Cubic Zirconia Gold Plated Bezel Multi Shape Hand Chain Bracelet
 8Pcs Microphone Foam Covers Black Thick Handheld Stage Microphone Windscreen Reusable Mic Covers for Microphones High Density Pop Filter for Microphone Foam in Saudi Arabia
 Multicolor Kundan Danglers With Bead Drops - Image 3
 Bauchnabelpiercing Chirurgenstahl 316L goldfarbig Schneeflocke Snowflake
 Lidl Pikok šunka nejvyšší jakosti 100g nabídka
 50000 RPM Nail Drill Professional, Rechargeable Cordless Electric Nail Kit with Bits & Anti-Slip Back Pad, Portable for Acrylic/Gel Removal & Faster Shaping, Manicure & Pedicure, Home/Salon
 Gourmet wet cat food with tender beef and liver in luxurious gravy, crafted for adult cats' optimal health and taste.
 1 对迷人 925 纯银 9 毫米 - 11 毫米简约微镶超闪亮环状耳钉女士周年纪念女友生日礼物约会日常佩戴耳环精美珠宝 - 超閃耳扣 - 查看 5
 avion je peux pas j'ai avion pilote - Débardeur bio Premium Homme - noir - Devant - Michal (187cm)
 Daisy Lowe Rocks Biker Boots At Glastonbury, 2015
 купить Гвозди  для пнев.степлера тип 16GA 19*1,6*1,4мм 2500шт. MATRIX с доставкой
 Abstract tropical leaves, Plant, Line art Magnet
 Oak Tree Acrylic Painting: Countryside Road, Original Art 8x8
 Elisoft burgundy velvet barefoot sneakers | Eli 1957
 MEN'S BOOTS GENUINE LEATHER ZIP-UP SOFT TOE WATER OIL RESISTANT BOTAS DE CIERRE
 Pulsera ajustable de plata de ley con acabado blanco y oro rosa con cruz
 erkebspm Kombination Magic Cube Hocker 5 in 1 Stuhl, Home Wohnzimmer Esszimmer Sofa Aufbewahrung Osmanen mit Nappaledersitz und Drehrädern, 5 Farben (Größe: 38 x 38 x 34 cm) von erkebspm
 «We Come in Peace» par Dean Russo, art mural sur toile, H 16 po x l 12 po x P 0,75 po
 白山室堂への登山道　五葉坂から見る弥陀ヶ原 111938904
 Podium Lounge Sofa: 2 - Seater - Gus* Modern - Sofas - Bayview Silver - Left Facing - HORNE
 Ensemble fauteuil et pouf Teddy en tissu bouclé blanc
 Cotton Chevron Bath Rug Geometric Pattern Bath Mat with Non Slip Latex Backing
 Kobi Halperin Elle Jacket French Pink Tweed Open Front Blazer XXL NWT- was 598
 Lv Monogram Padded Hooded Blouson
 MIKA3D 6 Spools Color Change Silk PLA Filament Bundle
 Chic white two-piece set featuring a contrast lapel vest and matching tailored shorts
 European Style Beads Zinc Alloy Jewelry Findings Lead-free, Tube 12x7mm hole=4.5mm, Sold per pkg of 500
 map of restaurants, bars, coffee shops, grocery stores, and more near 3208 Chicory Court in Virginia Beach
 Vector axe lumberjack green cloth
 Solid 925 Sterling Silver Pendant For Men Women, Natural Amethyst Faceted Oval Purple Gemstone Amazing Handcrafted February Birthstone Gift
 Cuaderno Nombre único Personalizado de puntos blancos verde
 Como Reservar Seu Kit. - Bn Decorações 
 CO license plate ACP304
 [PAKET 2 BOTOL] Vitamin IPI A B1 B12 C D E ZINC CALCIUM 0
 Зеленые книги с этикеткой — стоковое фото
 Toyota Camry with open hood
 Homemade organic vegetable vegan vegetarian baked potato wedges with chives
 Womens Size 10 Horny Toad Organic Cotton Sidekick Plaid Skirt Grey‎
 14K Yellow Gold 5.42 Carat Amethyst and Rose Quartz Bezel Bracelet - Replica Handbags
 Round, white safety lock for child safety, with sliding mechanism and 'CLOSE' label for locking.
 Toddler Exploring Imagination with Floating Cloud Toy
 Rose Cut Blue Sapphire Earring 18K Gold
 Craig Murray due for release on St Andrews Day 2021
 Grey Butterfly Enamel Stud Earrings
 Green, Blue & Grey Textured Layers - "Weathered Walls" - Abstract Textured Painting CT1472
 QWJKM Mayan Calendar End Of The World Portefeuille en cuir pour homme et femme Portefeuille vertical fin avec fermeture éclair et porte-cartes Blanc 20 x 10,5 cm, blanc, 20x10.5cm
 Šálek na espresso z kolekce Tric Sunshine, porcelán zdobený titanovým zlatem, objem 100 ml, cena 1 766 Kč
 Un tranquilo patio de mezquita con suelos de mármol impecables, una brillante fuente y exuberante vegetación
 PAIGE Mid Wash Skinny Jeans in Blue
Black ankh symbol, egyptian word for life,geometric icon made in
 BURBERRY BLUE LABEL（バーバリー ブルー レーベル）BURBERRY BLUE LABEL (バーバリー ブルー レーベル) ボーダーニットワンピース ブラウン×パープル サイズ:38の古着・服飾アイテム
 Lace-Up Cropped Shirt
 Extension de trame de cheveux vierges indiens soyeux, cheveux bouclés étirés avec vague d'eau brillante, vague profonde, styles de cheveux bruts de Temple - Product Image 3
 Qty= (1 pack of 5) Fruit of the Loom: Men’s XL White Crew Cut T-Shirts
_ _ _ _
- **ABOUT THIS EXERCISE**:
Check each line above for "Sofa" and return the ones that have it.

- **RESULT BELOW**:
 erkebspm Kombination Magic Cube Hocker 5 in 1 Stuhl, Home Wohnzimmer Esszimmer Sofa Aufbewahrung Osmanen mit Nappaledersitz und Drehrädern, 5 Farben (Größe: 38 x 38 x 34 cm) von erkebspm
 Podium Lounge Sofa: 2 - Seater - Gus* Modern - Sofas - Bayview Silver - Left Facing - HORNE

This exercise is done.